[Reader-list] MOCA Collapse or Art World Bailout?

Naeem Mohaiemen naeem.mohaiemen at gmail.com
Mon Nov 24 22:12:14 IST 2008


signs of financial meltdown contagion spreading to the artworld?

http://www.latimes.com/entertainment/news/arts/la-et-moca19-2008nov19,0,5520094.story


MOCA faces serious financial problems
By Mike Boehm
November 19, 2008
Los Angeles' prestigious but chronically underfunded Museum of
Contemporary Art has fallen into crisis. Museum Director Jeremy Strick
said MOCA is seeking large cash infusions from donors, and this week
he did not rule out the possibility of merging with another
institution or sharing its collection of almost 6,000 artworks.

Federal tax returns show that even before the current national crisis,
MOCA had been draining its reserves to pay operating expenses. In the
meantime, the museum's staff has grown.

Unlike the Los Angeles County Museum of Art, which is partly
controlled by the county, MOCA receives minimal government funding.
Its annual budget has grown to exceed $20 million, but it relies on
donors to pay about 80% of its expenses. When the gifts have fallen
short, as they have more often than not during Strick's nine-year
tenure, the museum has gone into its savings.

In recent years, the museum has averaged 250,000 visits annually to
view critically acclaimed exhibitions and a collection boasting works
by such post-World War II masters as Jackson Pollock, Robert
Rauschenberg and Mark Rothko.

By one important measure -- "unrestricted assets," money that can be
used for any purpose -- MOCA is in dire straits. Its federal tax
returns show that early in this decade the museum had spent all $20
million of its unrestricted funds to meet routine operating costs. By
mid-2007, it had borrowed an additional $7.5 million from "restricted"
accounts, even though those are designated by donors for specific
uses, such as education or buying art.

In an interview this week, Strick would not disclose more recent
financial figures. But he acknowledged that the national economic
crisis had further flattened the museum's cushion. MOCA's investment
portfolio was worth $20.4 million in mid-2007, down from $36.2 million
in mid-2000.

Most investment portfolios have lost significant value this fall.
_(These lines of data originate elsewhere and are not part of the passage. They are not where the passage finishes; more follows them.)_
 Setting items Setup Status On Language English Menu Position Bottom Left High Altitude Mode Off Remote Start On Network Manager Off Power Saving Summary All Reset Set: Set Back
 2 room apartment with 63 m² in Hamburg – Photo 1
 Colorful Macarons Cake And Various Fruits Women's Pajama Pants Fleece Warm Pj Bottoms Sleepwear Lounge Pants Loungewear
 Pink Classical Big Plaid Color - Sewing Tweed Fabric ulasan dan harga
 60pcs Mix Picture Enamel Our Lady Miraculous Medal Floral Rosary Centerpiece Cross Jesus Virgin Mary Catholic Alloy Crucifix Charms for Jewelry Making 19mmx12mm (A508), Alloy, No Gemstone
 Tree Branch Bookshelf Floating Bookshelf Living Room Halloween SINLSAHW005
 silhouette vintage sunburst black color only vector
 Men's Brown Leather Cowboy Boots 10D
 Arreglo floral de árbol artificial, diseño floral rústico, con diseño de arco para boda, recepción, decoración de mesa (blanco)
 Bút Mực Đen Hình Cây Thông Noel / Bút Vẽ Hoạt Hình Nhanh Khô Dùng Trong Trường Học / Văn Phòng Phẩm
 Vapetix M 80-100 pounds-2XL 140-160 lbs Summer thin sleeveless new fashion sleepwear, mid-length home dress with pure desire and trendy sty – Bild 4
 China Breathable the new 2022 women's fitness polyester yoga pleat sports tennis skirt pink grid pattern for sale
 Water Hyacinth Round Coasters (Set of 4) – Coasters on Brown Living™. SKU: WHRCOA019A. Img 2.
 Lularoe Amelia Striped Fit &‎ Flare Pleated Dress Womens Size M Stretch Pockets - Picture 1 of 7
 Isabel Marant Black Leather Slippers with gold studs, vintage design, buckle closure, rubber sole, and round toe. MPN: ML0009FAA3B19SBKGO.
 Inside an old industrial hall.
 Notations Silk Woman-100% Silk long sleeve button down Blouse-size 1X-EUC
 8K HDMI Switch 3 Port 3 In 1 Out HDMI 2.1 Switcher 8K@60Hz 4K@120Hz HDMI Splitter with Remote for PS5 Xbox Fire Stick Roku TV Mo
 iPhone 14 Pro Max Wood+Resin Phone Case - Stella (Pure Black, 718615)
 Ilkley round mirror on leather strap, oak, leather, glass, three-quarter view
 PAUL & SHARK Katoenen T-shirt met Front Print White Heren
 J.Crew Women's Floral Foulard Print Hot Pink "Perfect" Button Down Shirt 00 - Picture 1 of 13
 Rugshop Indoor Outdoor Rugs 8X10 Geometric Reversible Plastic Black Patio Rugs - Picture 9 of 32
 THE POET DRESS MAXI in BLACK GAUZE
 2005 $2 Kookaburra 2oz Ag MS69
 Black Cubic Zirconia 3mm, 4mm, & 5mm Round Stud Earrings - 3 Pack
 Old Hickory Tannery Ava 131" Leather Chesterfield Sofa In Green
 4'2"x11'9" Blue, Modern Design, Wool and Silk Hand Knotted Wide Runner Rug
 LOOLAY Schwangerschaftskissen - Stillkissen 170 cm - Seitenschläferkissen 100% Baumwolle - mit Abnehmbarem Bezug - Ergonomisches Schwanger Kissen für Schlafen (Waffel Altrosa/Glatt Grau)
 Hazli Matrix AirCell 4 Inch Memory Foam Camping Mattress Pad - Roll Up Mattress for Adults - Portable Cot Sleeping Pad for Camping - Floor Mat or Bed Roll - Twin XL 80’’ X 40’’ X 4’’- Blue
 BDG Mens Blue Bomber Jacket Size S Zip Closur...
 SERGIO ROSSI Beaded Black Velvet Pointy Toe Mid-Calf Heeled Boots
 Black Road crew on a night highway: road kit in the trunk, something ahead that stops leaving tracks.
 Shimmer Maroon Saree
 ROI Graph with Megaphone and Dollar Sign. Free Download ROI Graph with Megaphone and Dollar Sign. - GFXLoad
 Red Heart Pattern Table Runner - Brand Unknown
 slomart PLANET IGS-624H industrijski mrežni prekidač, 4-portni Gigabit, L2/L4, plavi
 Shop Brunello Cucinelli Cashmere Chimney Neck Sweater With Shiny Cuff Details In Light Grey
However, the number of museum employees, including part-timers, has
risen from about 150 early in this decade to about 200 in recent
years. Strick said that was due to increased educational programs and
the addition of a curatorial department for architecture and design.

This month, in a bid to shave 10% off operating costs, the museum
announced a six-month closure of its Geffen Contemporary exhibition
space, which is leased from the city for $1 a year. So far there have
been no staff cuts as MOCA continues operating at the main Grand
Avenue museum, whose $23-million cost was paid by the developers of
the California Plaza in exchange for the right to use the rest of an
11-acre parcel of city redevelopment land.

Strick said MOCA must sharply accelerate its fundraising to ensure its
continuing health. The director planned to meet with MOCA's Board of
Trustees this afternoon to discuss a range of options. He said talks
were proceeding "with a number of potential partners about a variety
of arrangements," but he insisted that a dissolution or takeover of
MOCA by another institution was not an option.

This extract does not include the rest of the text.